■ **Exercise goal**:
Pictures aside, repeat the whole listing word for word.

■ **Provided material**:

┄┄┄┄┄┄

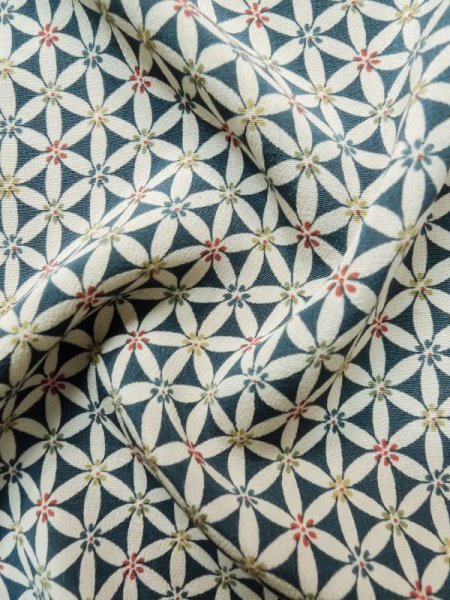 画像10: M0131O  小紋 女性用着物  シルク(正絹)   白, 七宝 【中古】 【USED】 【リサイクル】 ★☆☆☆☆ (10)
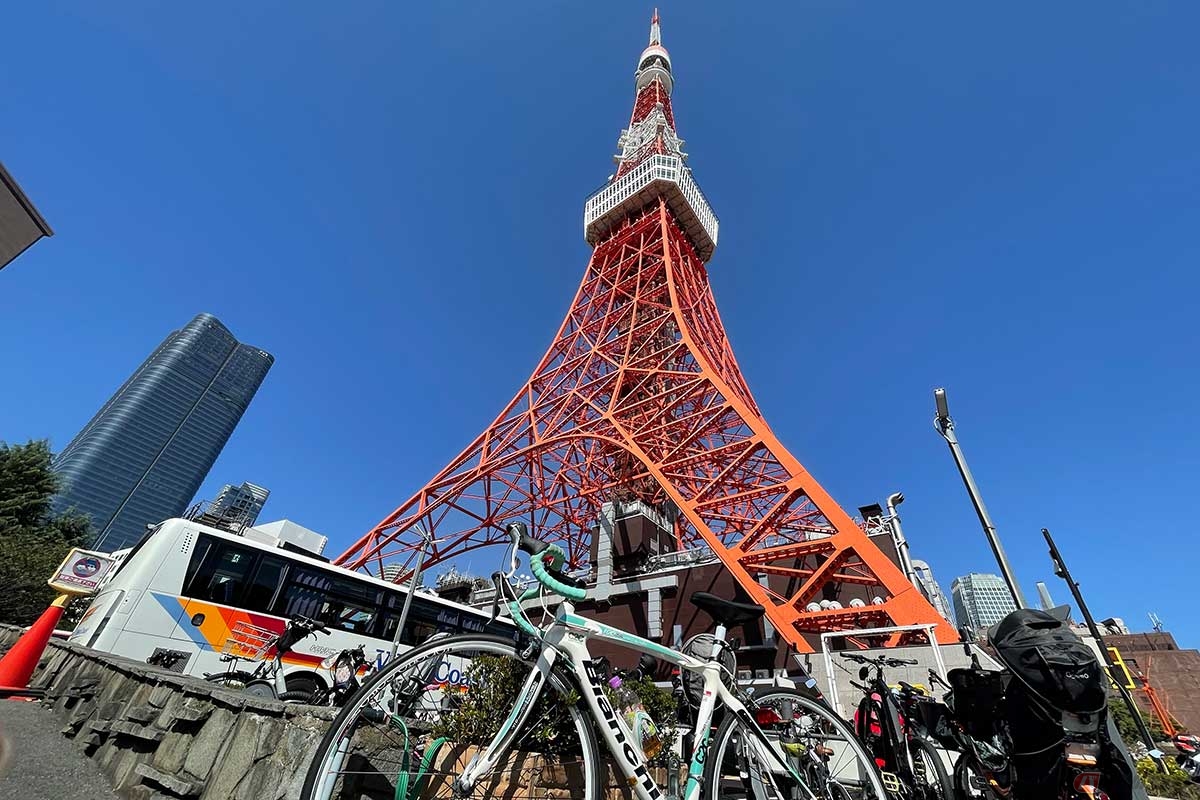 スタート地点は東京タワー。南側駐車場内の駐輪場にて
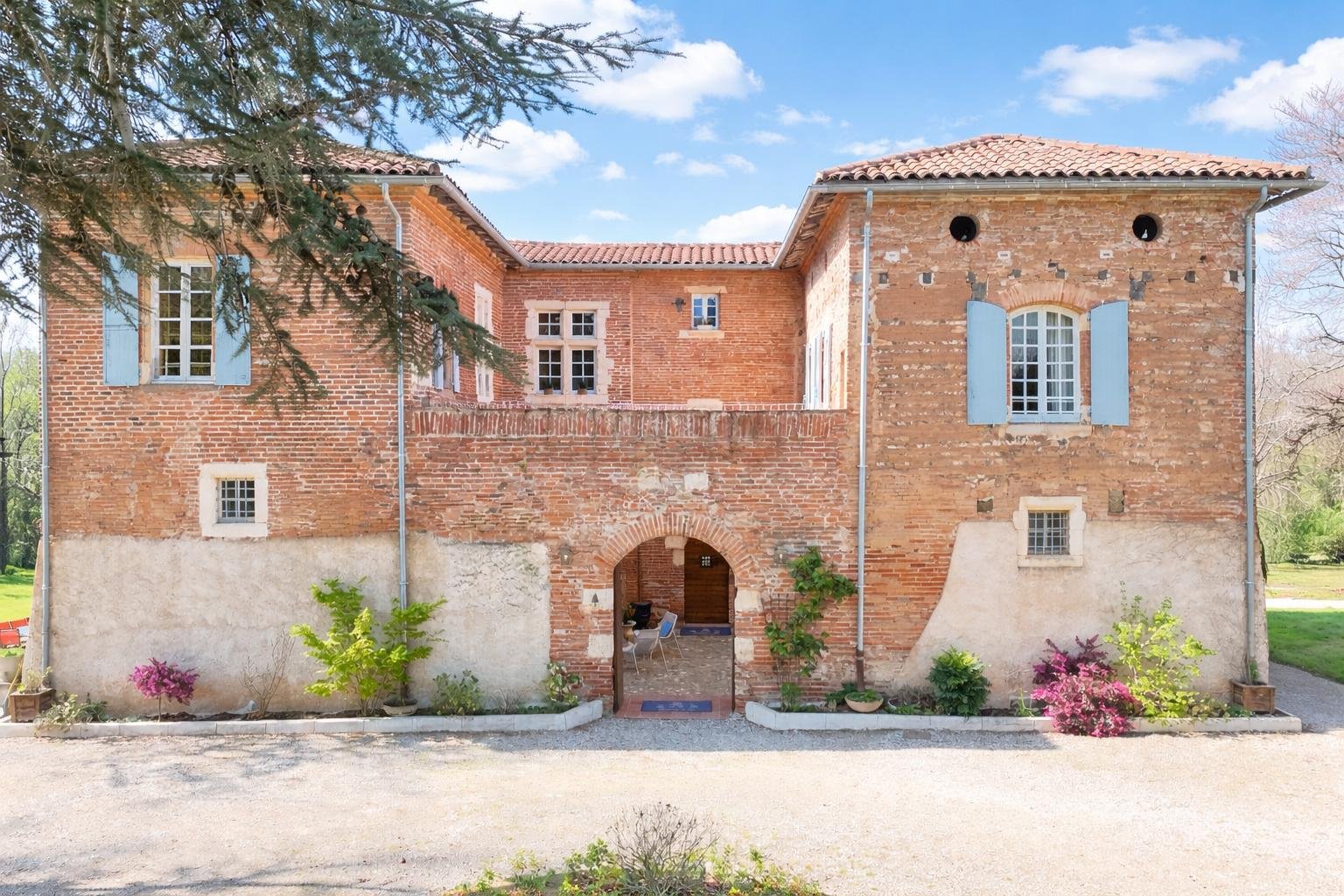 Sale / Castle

┄┄┄┄┄┄

■ **Finished exercise**:
 画像10: M0131O  小紋 女性用着物  シルク(正絹)   白, 七宝 【中古】 【USED】 【リサイクル】 ★☆☆☆☆ (10)
 スタート地点は東京タワー。南側駐車場内の駐輪場にて
 Sale / Castle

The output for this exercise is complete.